*Dataset content*:
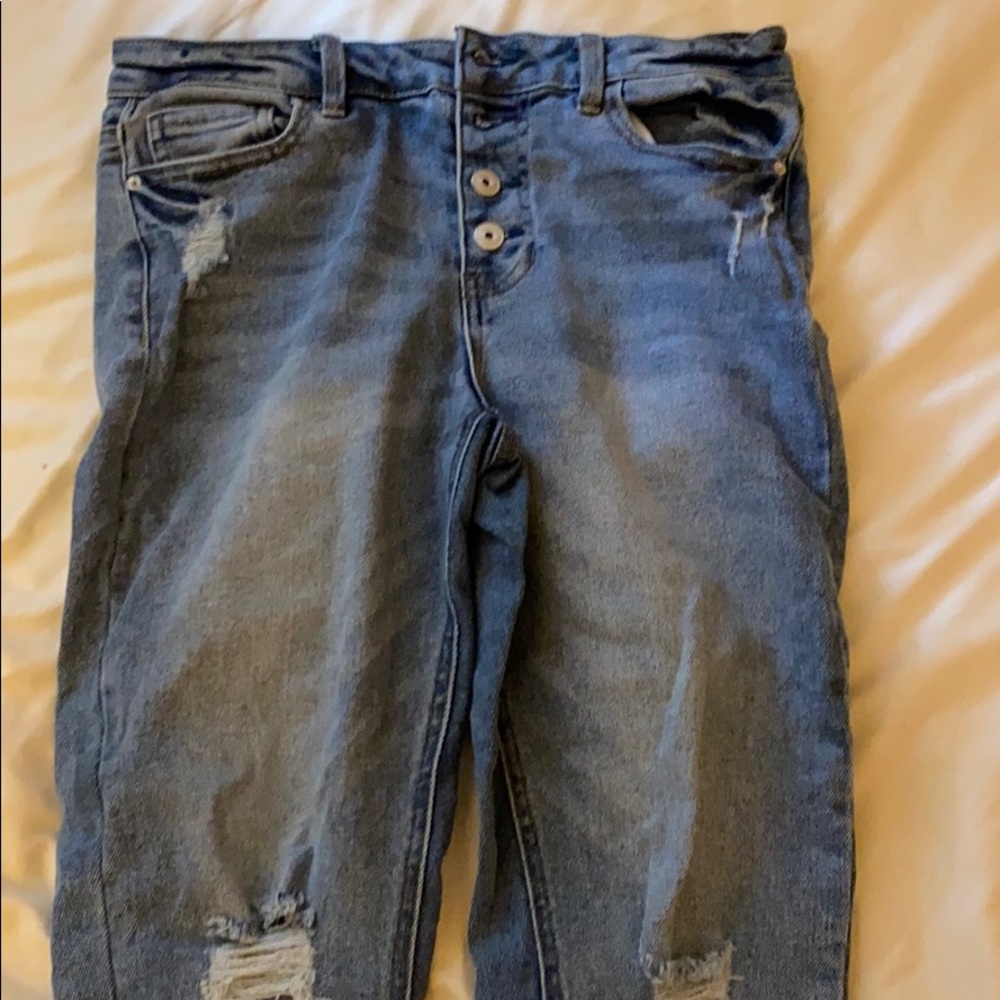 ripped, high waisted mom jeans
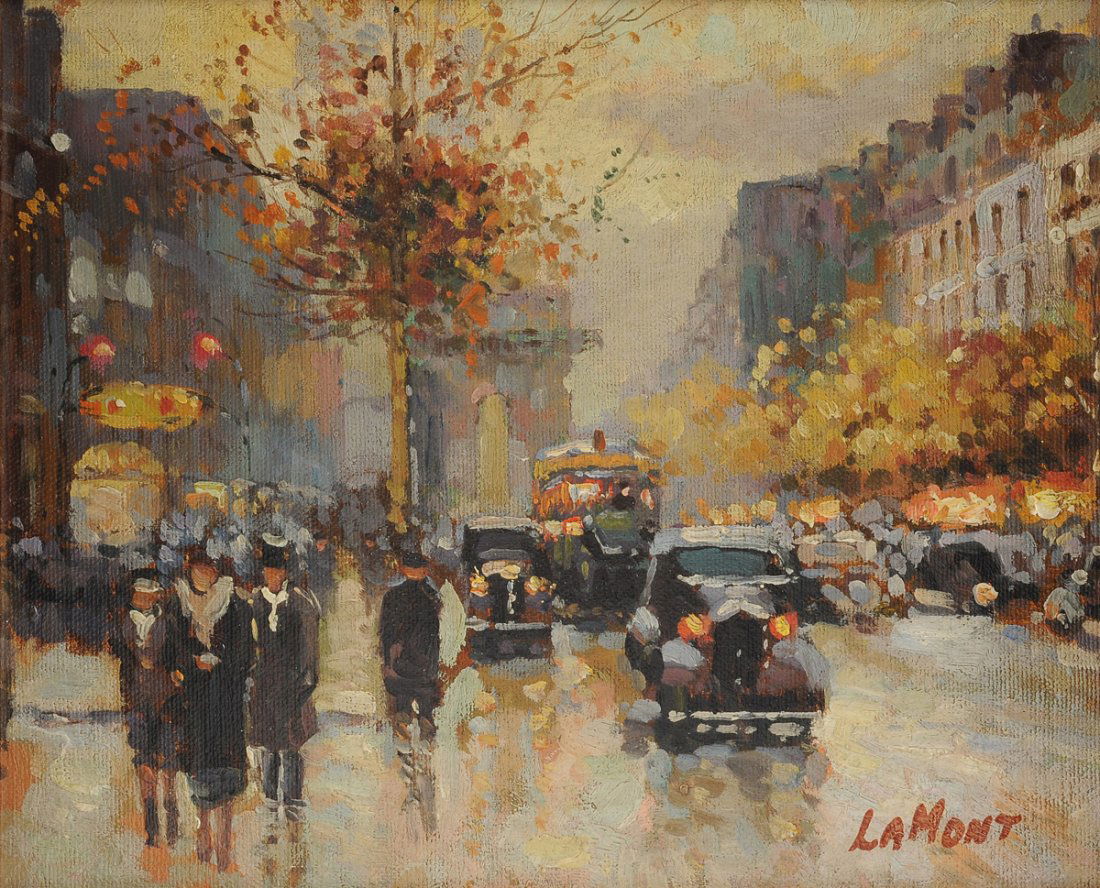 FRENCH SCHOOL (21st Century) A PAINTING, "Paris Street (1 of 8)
==
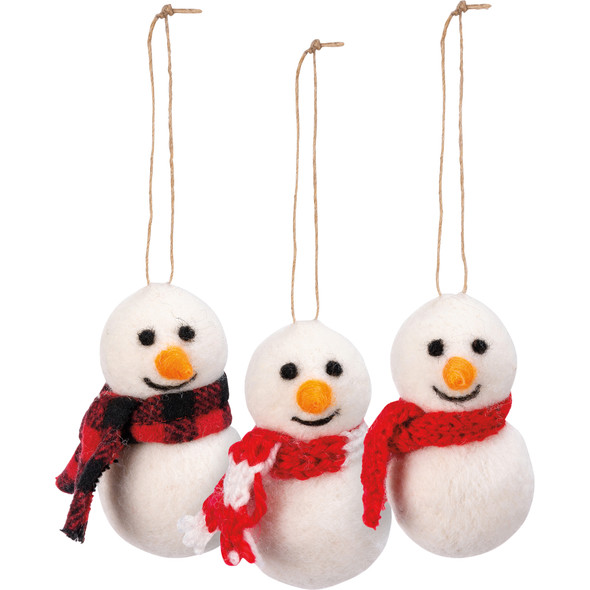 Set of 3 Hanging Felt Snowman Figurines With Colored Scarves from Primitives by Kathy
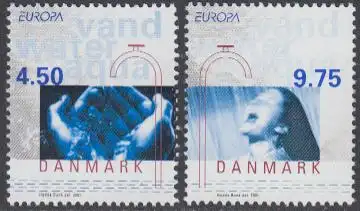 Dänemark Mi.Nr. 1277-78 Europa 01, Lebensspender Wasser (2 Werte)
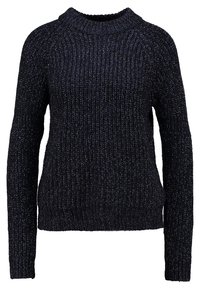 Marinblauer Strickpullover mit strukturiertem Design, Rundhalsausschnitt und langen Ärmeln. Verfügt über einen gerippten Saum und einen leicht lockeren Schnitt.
...
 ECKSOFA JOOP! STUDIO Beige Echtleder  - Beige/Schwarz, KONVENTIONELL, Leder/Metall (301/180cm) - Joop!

*Activity*: Looking at the listing above, which lines run from the one containing "ripped, high waisted mom jeans" through the one containing "FRENCH SCHOOL (21st"? Print exactly those, ends included, pictures excluded.

*Task output*:
 ripped, high waisted mom jeans
 FRENCH SCHOOL (21st Century) A PAINTING, "Paris Street (1 of 8)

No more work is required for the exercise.